Two days of trekking through muddy paths deep into the mosquito infested jungle of Northern Guatemala’s Peten region brought me and nine other adventurous travelers to the ancient Mayan city of El Mirador. Upon first viewing the ruins I was struck by how thoroughly nature can reclaim its territory after human abandonment. Thick layers of soil and dense vegetation surround, infiltrate and in some cases completely cover structures that are believed to have been abandoned almost two thousand years ago.
Even the higher reaches of the mighty, multi-tiered La Danta temple rising roughly seventy meters (230 feet) from the jungle floor are covered with trees. Archeologists have deliberately left the vegetation there to provide shade and protect the antiquated walls from the debilitating effects of the sun. Without our leather skinned Guatemalan guide Antonio, I’m sure that myself and my compadres would’ve been largely unaware that we were standing on the most massive ancient Mayan structure in the world. Unlike at the more popular site of Tikal it’s easy to mistake parts of the structure for normal contours of the land.
Over time it appears that the wilderness can erase almost all traces of a civilization. El Mirador, which is thought to have been populated by as many as 200,000 people at its peak was engulfed by the jungle and only discovered in 1926.
Sitting atop the 55 meter (180 foot) El Tigre temple as the sun set and pink oozed over the horizon like a slow bleed, I pondered the tenacity of nature. As if to punctuate my thoughts some howler monkeys started a chorus of guttural roars, spider monkeys crashed though the canopy and a diminutive humming bird the size of a large insect helicoptered onto a near by branch.
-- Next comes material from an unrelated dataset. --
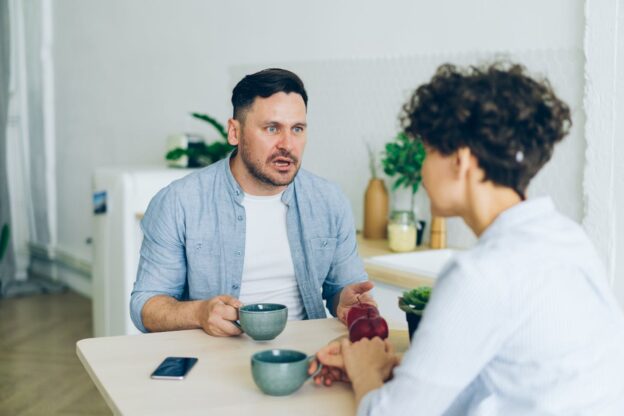 Couple fighting while sitting at a kitchen table.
Left alone the wilderneas is raw and formidable.
Cost: $25 a day
The strangest thing I’ve seen lately
Few people outside of the small town of San Pedro la Laguna on the shore of Lake Atitlan in the Guatemalan highlands have heard of the San Pedro Celtics basketball team. With a population of approximately thirteen thousand people, mostly of Mayan descent, one could be forgiven for thinking that there wasn’t a basketball team at all in this soccer (fútbol) mad part of the world. But exist they do and although the players lack that most important asset of a good basketballer- height- they play with a speed, determination and passion that is commendable. Of course, these attributes don’t tend to matter when they come up against players who are two feet taller than they are; which is exactly what happened recently when the Celtics were pitted against a selection of some of the finest professional Guatemalan players- team Seleccion. The Seleccion came to town during the annual week of festivities, celebrating the Apostle Peter, who the town is named after.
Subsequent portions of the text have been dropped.